5. Alina Bronsky: «Pi mal Daumen» (15 Punkte)
«Pi mal Daumen» von der deutsch-russischen Autorin Alina Bronsky: Dieses Buch bietet beste Unterhaltung mit Tiefgang. Hauptfigur ist Oscar, ein hochbegabter Adelsjunge. Bereits 16-jährig studiert er Mathematik. Während einer Vorlesung lernt er Moni kennen: Sie ist um die 50, hat drei Enkel, mehrere Nebenjobs und liebt Outfits im Leopardenmuster. Sie ist fest entschlossen, sich den Traum von einem Mathematik-Studium jetzt noch zu erfüllen. Der adlige Schnösel und die hyperaktive Grossmutter: So unterschiedlich die beiden auch sind – Oscar und Moni freunden sich an und können bald nicht mehr ohne einander.
Amüsant, klug und auch für Mathe-Laien ein Genuss: Wer sich fragt, was er als Nächstes lesen könnte, greife bitte zu ‹Pi mal Daumen› von Alina Bronsky.
4. Alain Claude Sulzer: «Fast wie ein Bruder» (22 Punkte)
Im Ruhrgebiet wachsen sie auf wie Brüder.
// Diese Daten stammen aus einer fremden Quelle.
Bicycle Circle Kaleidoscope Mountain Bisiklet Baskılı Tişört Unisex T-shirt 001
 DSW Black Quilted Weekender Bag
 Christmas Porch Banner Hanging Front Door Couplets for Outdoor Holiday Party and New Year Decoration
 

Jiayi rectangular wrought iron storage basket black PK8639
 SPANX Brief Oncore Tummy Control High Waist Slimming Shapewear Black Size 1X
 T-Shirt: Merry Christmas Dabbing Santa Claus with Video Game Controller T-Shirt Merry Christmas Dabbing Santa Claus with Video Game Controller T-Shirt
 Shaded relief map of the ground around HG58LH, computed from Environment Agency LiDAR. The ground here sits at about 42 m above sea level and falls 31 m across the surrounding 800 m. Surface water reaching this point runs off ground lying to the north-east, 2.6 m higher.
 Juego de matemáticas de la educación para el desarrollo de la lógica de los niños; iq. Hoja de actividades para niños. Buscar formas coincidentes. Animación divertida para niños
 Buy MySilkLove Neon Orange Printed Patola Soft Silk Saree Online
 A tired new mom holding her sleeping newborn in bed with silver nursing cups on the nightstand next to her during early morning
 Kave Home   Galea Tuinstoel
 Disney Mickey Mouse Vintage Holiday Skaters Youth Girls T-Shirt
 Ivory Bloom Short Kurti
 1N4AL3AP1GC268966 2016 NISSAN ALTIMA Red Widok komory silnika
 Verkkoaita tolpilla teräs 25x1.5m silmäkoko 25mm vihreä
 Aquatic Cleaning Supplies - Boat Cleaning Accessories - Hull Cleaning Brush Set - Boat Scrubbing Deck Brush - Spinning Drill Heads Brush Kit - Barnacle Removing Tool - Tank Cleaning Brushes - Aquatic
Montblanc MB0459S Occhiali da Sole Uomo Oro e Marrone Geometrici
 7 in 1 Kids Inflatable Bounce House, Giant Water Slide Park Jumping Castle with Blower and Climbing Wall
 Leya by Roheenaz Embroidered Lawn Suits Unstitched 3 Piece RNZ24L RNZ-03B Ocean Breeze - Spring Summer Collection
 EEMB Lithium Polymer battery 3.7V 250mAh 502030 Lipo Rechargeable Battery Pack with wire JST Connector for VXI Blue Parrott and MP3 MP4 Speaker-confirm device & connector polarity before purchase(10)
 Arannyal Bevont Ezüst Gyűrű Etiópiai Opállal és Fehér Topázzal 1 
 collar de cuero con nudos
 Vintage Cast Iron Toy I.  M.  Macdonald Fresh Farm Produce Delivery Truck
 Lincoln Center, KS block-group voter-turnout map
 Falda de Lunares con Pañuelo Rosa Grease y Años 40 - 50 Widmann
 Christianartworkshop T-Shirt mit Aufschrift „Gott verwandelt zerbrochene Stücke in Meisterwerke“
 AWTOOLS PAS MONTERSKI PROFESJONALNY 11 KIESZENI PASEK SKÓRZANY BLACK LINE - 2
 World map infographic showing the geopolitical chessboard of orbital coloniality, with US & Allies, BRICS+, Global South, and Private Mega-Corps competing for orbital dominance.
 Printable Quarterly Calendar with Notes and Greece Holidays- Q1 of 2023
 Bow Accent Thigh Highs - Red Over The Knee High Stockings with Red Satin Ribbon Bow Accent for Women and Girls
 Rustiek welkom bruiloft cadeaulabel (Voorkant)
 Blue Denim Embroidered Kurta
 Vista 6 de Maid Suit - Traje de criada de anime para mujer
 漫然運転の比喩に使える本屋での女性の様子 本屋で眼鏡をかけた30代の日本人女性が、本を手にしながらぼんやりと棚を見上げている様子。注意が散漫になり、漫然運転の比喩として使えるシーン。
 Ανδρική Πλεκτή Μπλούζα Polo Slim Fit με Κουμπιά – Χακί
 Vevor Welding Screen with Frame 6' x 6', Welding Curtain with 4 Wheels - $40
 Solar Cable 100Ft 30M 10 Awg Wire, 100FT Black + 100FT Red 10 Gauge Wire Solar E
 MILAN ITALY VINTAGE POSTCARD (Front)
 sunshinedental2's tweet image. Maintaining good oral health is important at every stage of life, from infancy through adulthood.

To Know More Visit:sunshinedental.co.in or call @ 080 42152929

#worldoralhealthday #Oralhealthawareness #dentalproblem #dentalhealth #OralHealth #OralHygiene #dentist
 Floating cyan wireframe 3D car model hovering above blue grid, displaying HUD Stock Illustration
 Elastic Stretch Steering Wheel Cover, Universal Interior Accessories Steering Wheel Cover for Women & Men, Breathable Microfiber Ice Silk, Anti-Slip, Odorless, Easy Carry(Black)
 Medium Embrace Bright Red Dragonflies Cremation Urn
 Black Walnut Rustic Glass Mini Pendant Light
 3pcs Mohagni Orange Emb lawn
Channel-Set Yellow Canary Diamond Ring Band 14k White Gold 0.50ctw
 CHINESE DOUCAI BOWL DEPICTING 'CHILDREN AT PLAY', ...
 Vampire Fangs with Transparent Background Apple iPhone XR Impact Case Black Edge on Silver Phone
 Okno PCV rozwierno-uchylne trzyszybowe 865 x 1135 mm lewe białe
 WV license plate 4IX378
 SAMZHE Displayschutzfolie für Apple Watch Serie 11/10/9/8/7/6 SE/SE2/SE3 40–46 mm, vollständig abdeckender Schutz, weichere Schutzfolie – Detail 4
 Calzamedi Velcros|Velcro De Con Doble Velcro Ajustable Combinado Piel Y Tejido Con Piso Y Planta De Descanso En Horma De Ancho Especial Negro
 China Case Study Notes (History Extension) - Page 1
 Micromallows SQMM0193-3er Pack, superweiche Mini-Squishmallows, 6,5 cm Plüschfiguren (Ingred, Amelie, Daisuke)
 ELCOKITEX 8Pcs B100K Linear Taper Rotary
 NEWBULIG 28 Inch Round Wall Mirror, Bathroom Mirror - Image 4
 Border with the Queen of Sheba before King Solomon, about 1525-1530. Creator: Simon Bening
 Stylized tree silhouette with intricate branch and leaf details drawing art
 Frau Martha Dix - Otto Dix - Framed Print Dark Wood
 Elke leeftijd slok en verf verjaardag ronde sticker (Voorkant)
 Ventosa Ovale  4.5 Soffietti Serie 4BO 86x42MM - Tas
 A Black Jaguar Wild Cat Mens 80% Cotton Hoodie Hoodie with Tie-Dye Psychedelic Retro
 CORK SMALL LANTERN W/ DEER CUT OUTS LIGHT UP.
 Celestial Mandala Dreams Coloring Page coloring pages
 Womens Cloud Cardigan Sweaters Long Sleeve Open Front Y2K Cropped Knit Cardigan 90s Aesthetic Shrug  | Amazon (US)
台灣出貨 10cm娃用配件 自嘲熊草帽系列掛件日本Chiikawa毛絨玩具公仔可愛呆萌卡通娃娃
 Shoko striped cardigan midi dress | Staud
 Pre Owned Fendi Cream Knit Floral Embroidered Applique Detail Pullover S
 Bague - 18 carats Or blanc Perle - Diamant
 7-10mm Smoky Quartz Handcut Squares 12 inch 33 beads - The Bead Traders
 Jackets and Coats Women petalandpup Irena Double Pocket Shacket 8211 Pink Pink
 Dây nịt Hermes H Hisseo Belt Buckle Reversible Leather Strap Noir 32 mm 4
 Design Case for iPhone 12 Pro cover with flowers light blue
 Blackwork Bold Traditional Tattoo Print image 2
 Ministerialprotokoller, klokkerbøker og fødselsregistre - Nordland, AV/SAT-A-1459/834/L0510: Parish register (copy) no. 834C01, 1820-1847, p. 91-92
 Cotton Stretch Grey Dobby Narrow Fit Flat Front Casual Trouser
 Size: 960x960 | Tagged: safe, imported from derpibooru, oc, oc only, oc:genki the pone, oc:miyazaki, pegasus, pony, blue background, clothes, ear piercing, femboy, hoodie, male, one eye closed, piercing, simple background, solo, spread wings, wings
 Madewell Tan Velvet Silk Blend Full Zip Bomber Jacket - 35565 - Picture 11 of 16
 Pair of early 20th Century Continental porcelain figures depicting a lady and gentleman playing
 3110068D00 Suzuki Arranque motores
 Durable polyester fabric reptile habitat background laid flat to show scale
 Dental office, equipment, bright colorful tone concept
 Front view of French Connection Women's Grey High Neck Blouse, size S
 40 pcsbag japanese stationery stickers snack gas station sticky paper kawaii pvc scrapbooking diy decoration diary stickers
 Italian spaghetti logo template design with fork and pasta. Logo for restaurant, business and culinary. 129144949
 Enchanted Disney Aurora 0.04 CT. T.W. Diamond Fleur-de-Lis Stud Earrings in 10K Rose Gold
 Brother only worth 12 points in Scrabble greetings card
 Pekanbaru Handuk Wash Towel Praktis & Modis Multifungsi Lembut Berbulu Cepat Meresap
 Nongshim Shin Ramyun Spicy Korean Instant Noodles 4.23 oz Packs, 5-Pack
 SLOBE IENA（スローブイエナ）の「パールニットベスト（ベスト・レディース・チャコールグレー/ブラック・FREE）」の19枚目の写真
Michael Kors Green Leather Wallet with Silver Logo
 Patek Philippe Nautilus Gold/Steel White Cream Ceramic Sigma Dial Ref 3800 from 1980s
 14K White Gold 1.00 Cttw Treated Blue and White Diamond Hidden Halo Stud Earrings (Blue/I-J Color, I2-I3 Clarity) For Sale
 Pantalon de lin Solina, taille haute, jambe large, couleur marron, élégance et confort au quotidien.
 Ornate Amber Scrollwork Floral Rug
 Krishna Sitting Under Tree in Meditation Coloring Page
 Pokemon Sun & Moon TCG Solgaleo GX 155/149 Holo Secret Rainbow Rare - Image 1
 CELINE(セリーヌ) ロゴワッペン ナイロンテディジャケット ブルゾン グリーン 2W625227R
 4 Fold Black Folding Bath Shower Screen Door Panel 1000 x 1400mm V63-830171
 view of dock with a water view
Doch anders als den Ich-Erzähler zieht es Frank hinaus in die Welt: Er will als Künstler leben und geht nach New York. Nach langer Zeit begegnen sich die Freunde an Franks Sterbebett zum letzten Mal. Und so landen die Bilder aus Franks Nachlass in der Remise des Erzählers. Jahrzehnte später entdeckt er die Bilder zufällig in einer Galerie. Rätselhaft, wie sie dort hingelangt sind. In seinem neuen Roman erkundet Alain Claude Sulzer existenzielle Fragen über Freundschaft und Abschied, über Homosexualität und Kunst.
Dieser Roman wirbelt auf, was die Gesellschaft seit Jahrzehnten zu verbergen versucht: die Angst, dass uns dereinst etwas offenbart, die Augen dort verschlossen zu haben, wo man hätte hinschauen sollen.
3. Zora del Buono: «Seinetwegen» (35 Punkte)
Zora del Buono war gerade einmal acht Monate alt, als ihr Vater bei einem Autounfall in der Ostschweiz ums Leben kam. Der tote Vater – er wurde zur Leerstelle in del Buonos Leben. Sie wuchs allein bei ihrer Mutter auf. Über den Unfall geredet wurde nie.
Jetzt, mit Anfang 60, überkam del Buono das Bedürfnis, den Verursacher finden, der damals mit viel zu hoher Geschwindigkeit auf der Landstrasse unterwegs gewesen war. Wie hat er all die Jahre mit seiner Schuld gelebt? Was war er für ein Mensch? Diese Fragen hat sich del Buono gestellt und ihre Recherche schreibend begleitet.
Eine persönliche und bewegende Suche nach dem Unfallverursacher und ‹Mörder› ihres Vaters. Ein Buch über Schuld und Vergebung. Absolut lesenswert.
2. Mariann Bühler: «Verschiebung im Gestein» (40 Punkte)
Als Literaturvermittlerin ist Mariann Bühler bereits bekannt. Nun hat sie ihren ersten Roman vorgelegt. «Verschiebung im Gestein» erzählt von drei Figuren, die alle mit Veränderungen in ihren Leben konfrontiert sind: Todesfälle, Aufbrüche, Enttäuschungen. Was die drei ausserdem verbindet, ist ein entlegenes Bergtal – und dass sie wenig reden und sich lieber mit Nebensächlichkeiten abgeben, als sich ihren Schwierigkeiten zu stellen. Ein höchst gelungenes Debüt, das leise Töne anschlägt, es aber in sich hat.
Mariann Bühlers Debüt ist eine unkitschige Ode an die Langsamkeit auf dem Land.
1. Martin R. Dean: «Tabak und Schokolade» (51 Punkte)
Martin R. Dean erkundet in «Tabak und Schokolade» seine eigene geteilte Identität: Der Autor ist der Sohn einer weissen Schweizerin und eines Schwarzen aus Trinidad in der Karibik. Die Eltern trennten sich früh. Dean wuchs mit der Mutter im Aargau auf. Diese heiratete erneut. Fortan wurden Deans leiblicher Vater wie ganz generell die Jahre der Mutter bei den «unzivilisierten Wilden» tabuisiert. In seinem Buch schildere Martin R. Dean die Suche nach den Vorfahren seines Vaters. Eine Selbsterkundung, die bis hinein in die Schrecken der Kolonialzeit führt.
Feinsinnig und schlüssig verarbeitet der Autor seinen komplexen autobiografischen Hintergrund zu einem starken literarischen Text, zu einem dringlichen Stück Schweizer (Kolonial-)Geschichte.